_Work instructions_:
In this exercise, copy exactly the lines from the one that contains "Embrace the Sun" through the end of the entries below; pictures are not copied.

*** Records for processing Section Begins ***

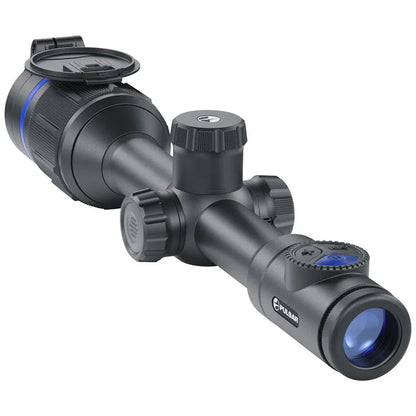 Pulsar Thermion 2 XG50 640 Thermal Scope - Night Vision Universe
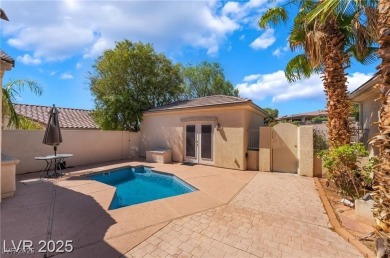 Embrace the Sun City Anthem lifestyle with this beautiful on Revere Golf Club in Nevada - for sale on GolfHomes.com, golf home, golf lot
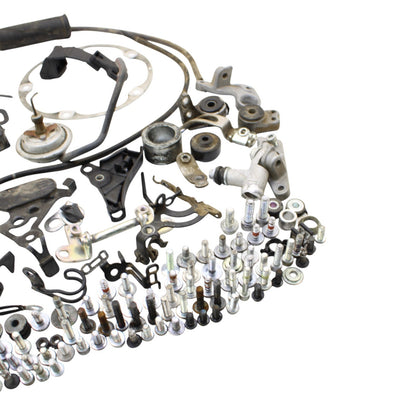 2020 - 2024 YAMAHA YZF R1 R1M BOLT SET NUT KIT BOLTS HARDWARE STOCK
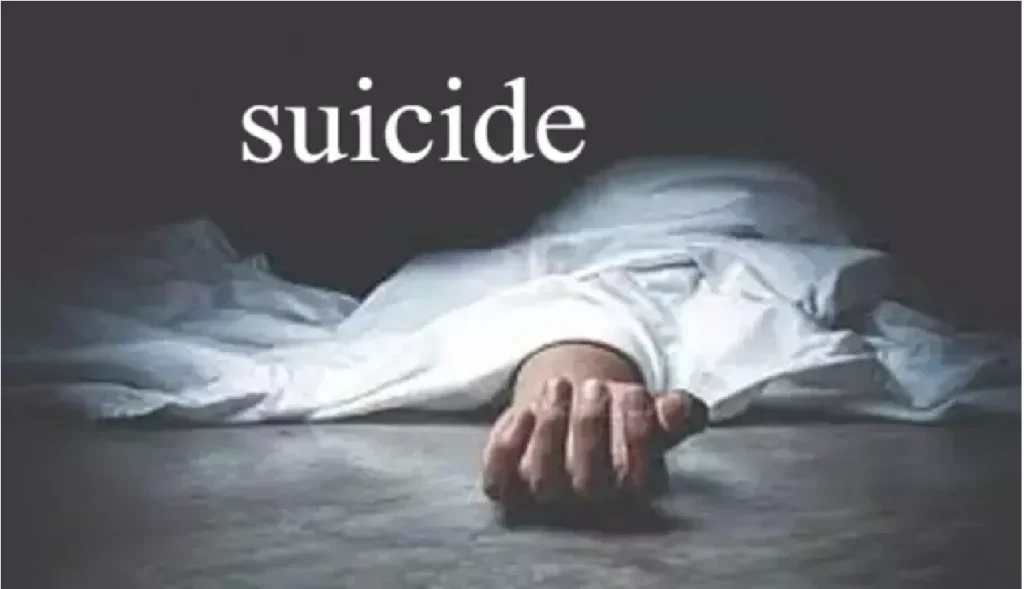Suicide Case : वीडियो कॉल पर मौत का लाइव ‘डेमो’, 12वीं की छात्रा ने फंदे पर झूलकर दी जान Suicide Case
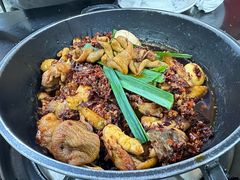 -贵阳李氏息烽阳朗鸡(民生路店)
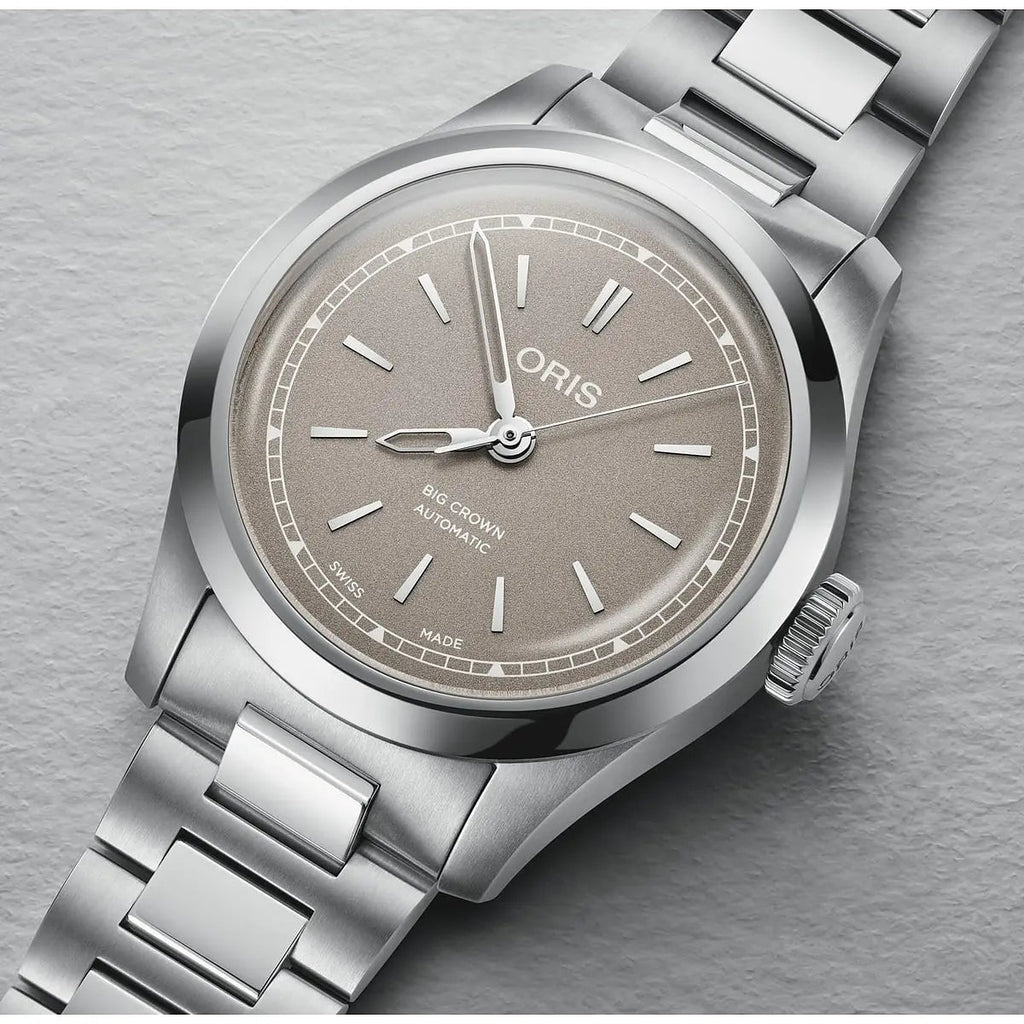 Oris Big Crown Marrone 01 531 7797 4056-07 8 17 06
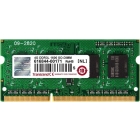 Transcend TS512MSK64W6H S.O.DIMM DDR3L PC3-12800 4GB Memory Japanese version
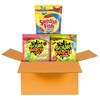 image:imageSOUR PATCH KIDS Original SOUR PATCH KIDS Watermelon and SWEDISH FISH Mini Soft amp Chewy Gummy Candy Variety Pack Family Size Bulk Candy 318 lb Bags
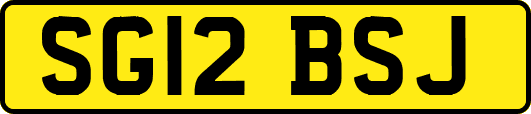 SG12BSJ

*** Records for processing Section Ends ***

_Result_:
 Embrace the Sun City Anthem lifestyle with this beautiful on Revere Golf Club in Nevada - for sale on GolfHomes.com, golf home, golf lot
 2020 - 2024 YAMAHA YZF R1 R1M BOLT SET NUT KIT BOLTS HARDWARE STOCK
Suicide Case : वीडियो कॉल पर मौत का लाइव ‘डेमो’, 12वीं की छात्रा ने फंदे पर झूलकर दी जान Suicide Case
 -贵阳李氏息烽阳朗鸡(民生路店)
 Oris Big Crown Marrone 01 531 7797 4056-07 8 17 06
 Transcend TS512MSK64W6H S.O.DIMM DDR3L PC3-12800 4GB Memory Japanese version
 image:imageSOUR PATCH KIDS Original SOUR PATCH KIDS Watermelon and SWEDISH FISH Mini Soft amp Chewy Gummy Candy Variety Pack Family Size Bulk Candy 318 lb Bags
 SG12BSJ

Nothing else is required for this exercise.